== Segment start ==

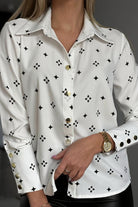 Camicia elegante bianca a fantasia nera con bottoni dorati, stile fashion, marca Moda-Mania, vista frontale.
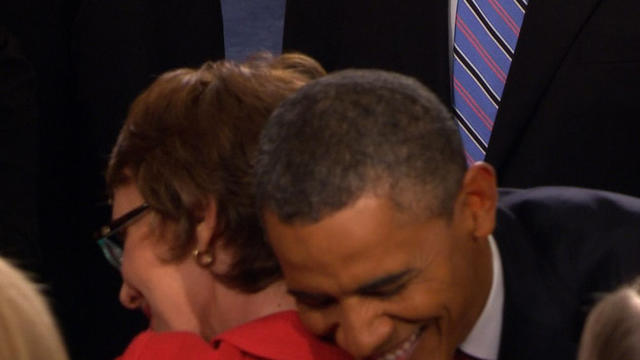 Obama greets Giffords with big hug  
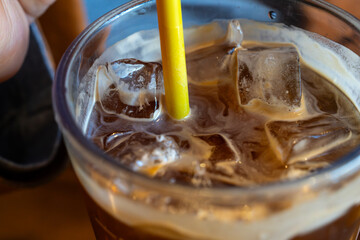 iced coffee with a yellow straw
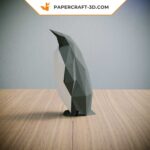 Papercraft penguin family in origami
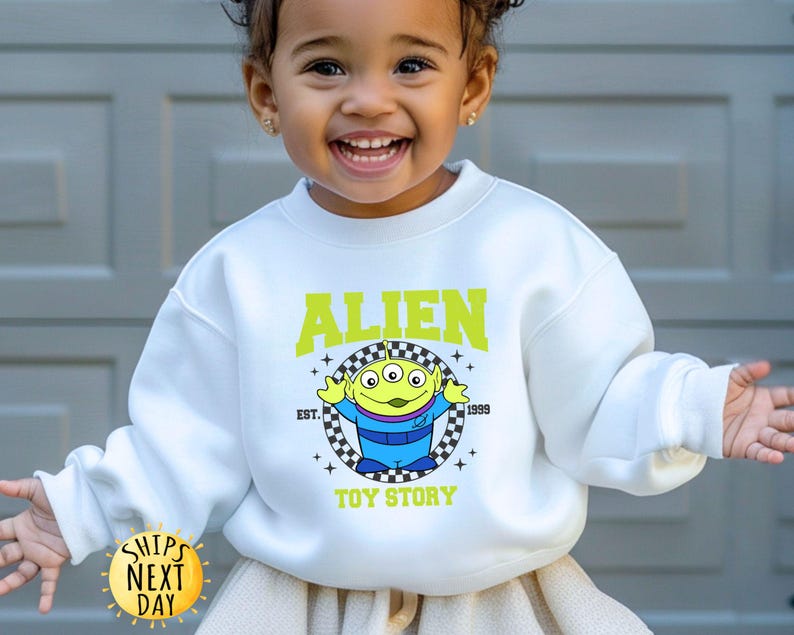 Puede incluir: Sudadera blanca con un personaje extraterrestre verde de Toy Story. El texto "Alien" est&aacute; en un cuadro amarillo a cuadros con el texto "Toy Story" debajo. El texto "Est. 1999" est&aacute; en un cuadro amarillo m&aacute;s peque&ntilde;o encima del extraterrestre.
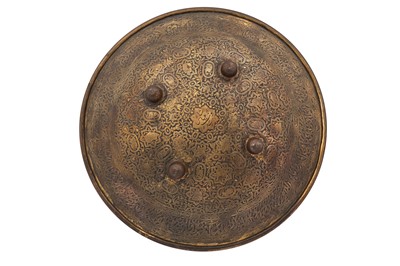 Lot 401 - A QAJAR GILT-COPPER SHIELD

== Segment end ==

EXERCISE BRIEF:
Beginning with the first line of the records, write out every line up to and including the one with "Puede incluir: Sudadera", exactly, and omit all pictures.

PROBLEM SOLUTION:
 Camicia elegante bianca a fantasia nera con bottoni dorati, stile fashion, marca Moda-Mania, vista frontale.
 Obama greets Giffords with big hug  
 iced coffee with a yellow straw
 Papercraft penguin family in origami
 Puede incluir: Sudadera blanca con un personaje extraterrestre verde de Toy Story. El texto "Alien" est&aacute; en un cuadro amarillo a cuadros con el texto "Toy Story" debajo. El texto "Est. 1999" est&aacute; en un cuadro amarillo m&aacute;s peque&ntilde;o encima del extraterrestre.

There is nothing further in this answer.